A “fun” piece of tax trivia — if there even is one — is that nearly half of Americans don’t pay federal income taxes. It’s something you’ll hear from conservative pundits, often to make the point that poor people aren’t paying their fair share in taxes.
The easy rebuttal is that there are several other taxes in the US — many of which put a bigger burden on poor people than rich people. But a recent analysis by economists Emmanuel Saez and Gabriel Zucman, as presented in their book, found that poor people may be paying nearly the same portion of their income in taxes as rich people. In their New York Times op-ed, they called America’s system a “giant flat tax.”

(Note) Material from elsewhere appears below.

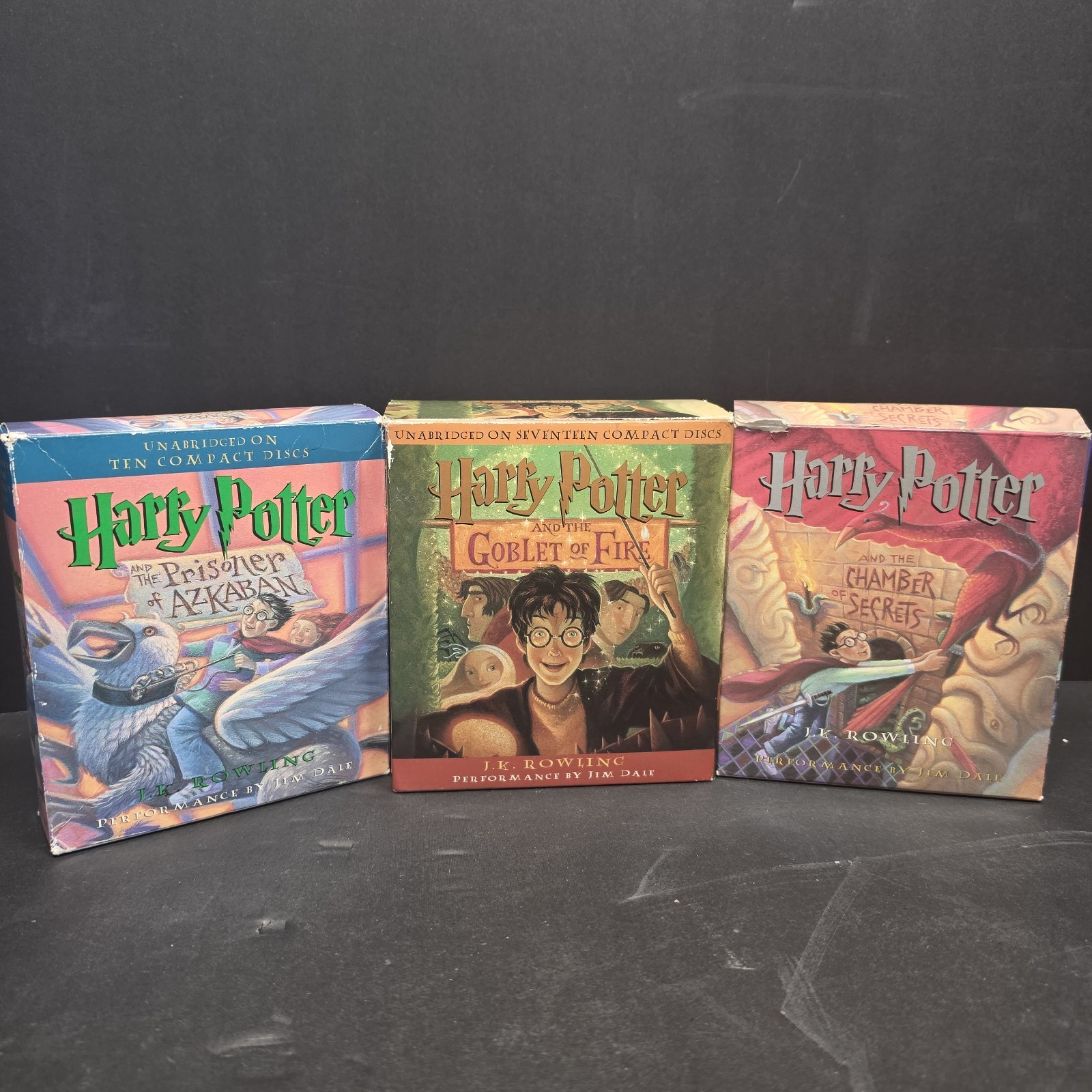 Lot of 3 HARRY POTTER Audio Books Chamber Secrets Goblet Fire Prisoner Azkaban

You might think it’s pretty easy to figure out who’s paying the government taxes. But let’s take the payroll tax, for example. You pay 7.65 percent out of your paycheck — and your employer also pays another 7.65 percent. However, economists have found that employers pay that tax by taking it out of workers’ wages. That’s simple enough, but figuring out who actually pays something like corporate taxes is way harder, and it relies on some assumptions. This is why the Saez and Zucman analysis has caused quite the debate among economists. (Vox’s Matt Yglesias explains what some economists disagree with.)
In our video, we used Saez and Zucman’s data to walk through the basics of the various taxes we pay, and how much each income group ends up paying. While not all economists agree on the exact numbers, most of them would agree that poor people do pay a pretty large share of their earnings toward taxes.